Description of the task
Transcribe nothing except the lines below that run from the one with "Bold angular shapes" to the one with "Tiger in Bambus", ends included, and do not copy any picture.

Exercise materials
********************

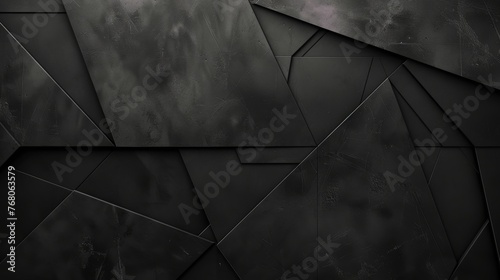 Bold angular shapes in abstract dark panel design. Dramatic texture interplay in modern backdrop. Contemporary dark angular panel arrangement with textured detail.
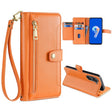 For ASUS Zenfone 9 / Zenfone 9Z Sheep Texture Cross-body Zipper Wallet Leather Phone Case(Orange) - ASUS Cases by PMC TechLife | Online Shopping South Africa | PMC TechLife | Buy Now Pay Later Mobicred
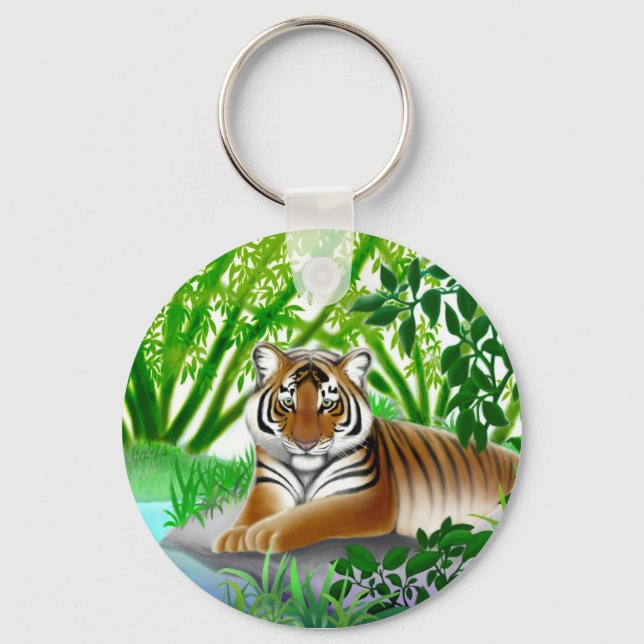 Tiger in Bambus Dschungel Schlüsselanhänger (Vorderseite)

********************

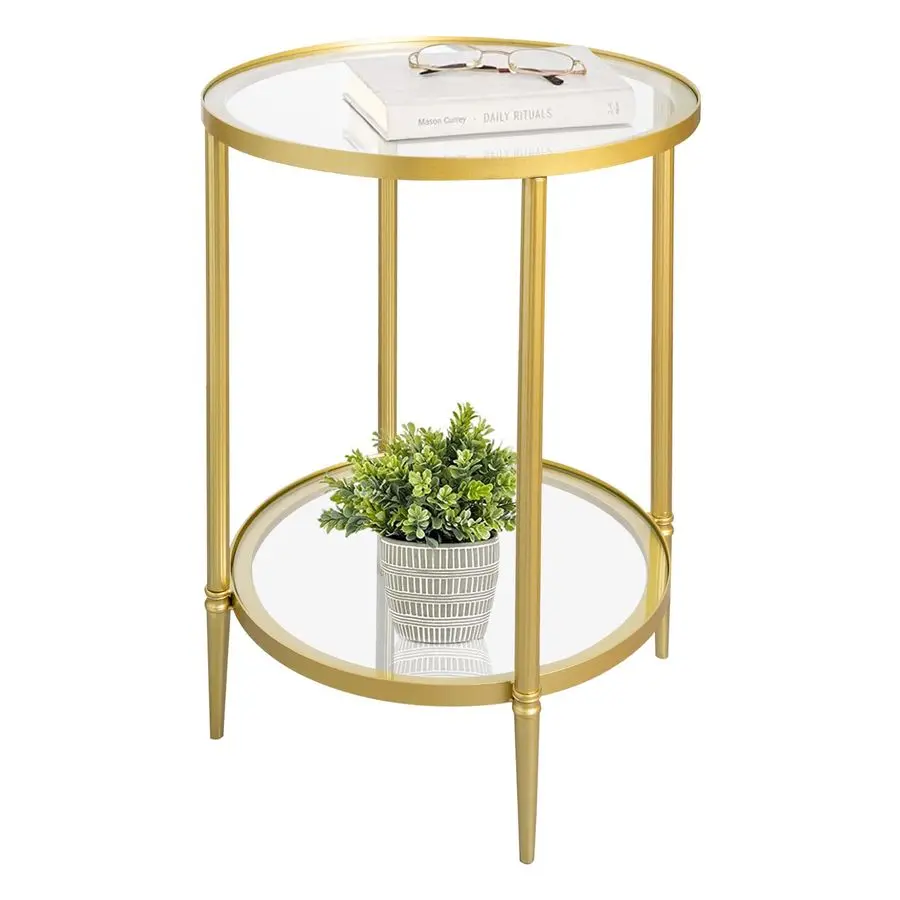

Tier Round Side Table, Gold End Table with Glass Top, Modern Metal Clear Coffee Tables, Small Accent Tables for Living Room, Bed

********************

Exercise result
 Bold angular shapes in abstract dark panel design. Dramatic texture interplay in modern backdrop. Contemporary dark angular panel arrangement with textured detail.
 For ASUS Zenfone 9 / Zenfone 9Z Sheep Texture Cross-body Zipper Wallet Leather Phone Case(Orange) - ASUS Cases by PMC TechLife | Online Shopping South Africa | PMC TechLife | Buy Now Pay Later Mobicred
 Tiger in Bambus Dschungel Schlüsselanhänger (Vorderseite)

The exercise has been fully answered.